We tend to feel bad if everyone around us seems to be bettre off or our status is sinking. (2)
In a liberal democracy, which characteristically produces a large middle class, people can always feel good when they look around and see others who are not quite as well off as they are. In a liberal democracy, people in the lower and middle classes also feel that they or their children have a future in which their status may rise.
Convincing comfortable, middle class citizens to go to war is a tough sell. But it can be done. Pearl Harbor made middle class Americans willing to enter WW II. The hunt for weapons of mass destruction was the rationale for the second Iraq war. In both instances, only the fear of encroaching subjugation or death itself was sufficient to rally the support of the majority of United States citizens.
By setting the goal of creating a global middle class—in other words, by creating the means for the most possible number of people to feel their basic needs are well met—we not only create buyers of the goods we need to sell to make a living, we also create people less inclined to make war with us. In short, providing essential resources to global citizens is one of the cornerstones of an enduring peace.

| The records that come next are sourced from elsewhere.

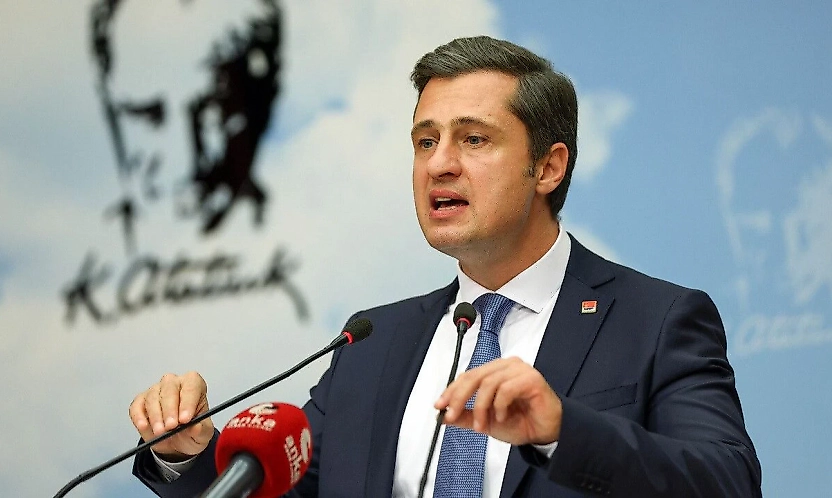 Deniz Yücel'den Cemil Tugay'a sert sözler: İzmir buna seyirci kalmaz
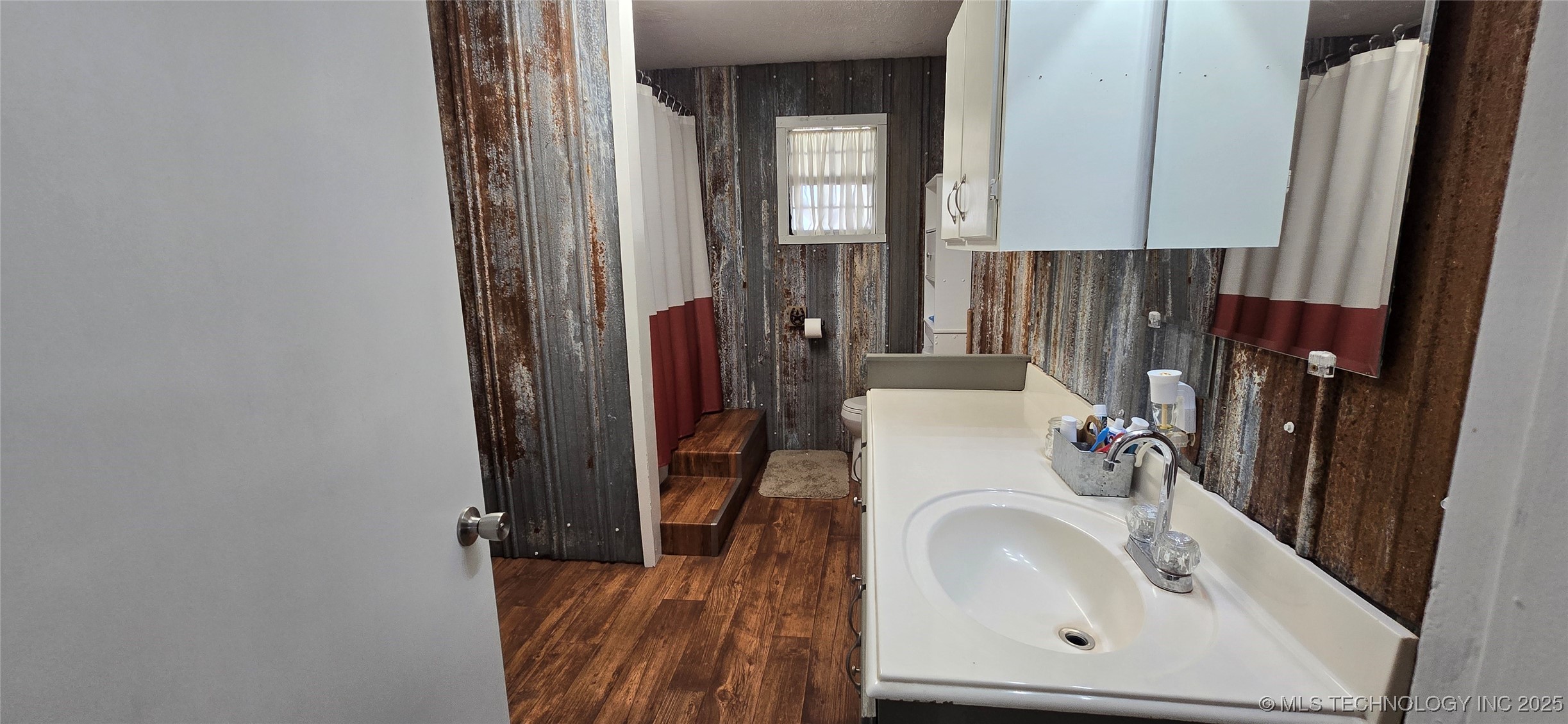 811 E 57th Road Property Photo 16
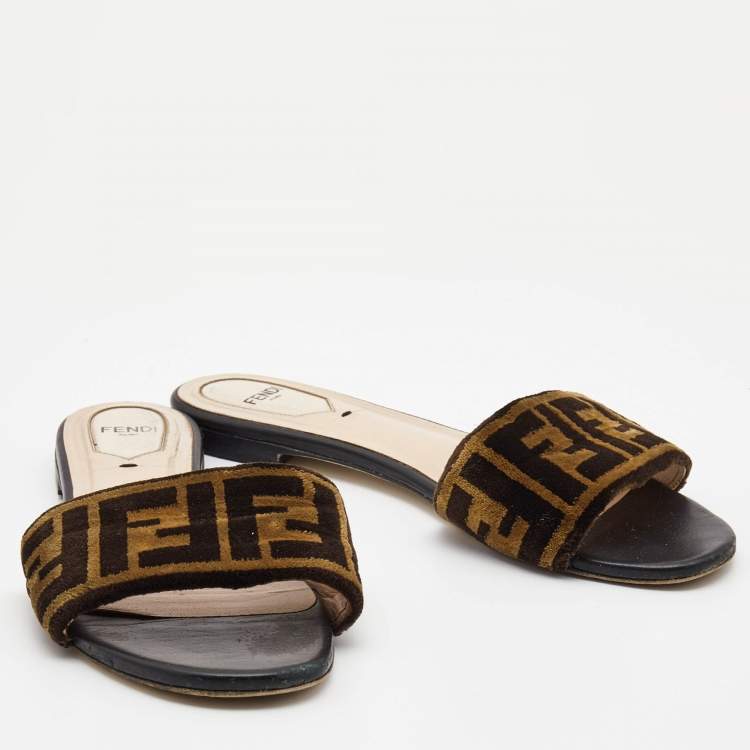 Pre Owned Fendi Two Tone Zucca Velvet Flat Slides Size 38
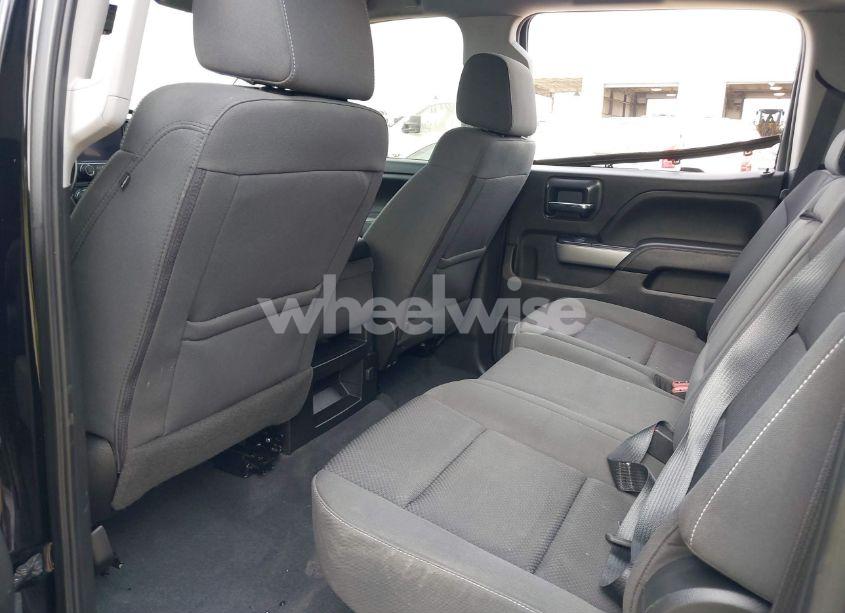 Photo 8 of 2018 Chevrolet Silverado 1500 2LT (VIN 3GCUKREC9JG548224)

Every gun that is made, every warship launched, every rocket fired, signifies in the final sense a theft from those who hunger and are not fed, those who are cold and are not clothed. - Dwight D. Eisenhower
Hrdy, S. B. 1999. Mother Nature: a History of Mothers, Infants and Natural Selection. NY: Pantheon Books. Hrdy, S. B. 2009. Mothers and Others: the Evolutionary Origins of Mutual Understanding. Cambridge, MA: Harvard University Press.
Layard, Richard G. 2005. Happiness: Lessons from a New Science. NY:Penguin
Daly, Herman. 2005. Economics in a full world. Scientific American 293: 100-107.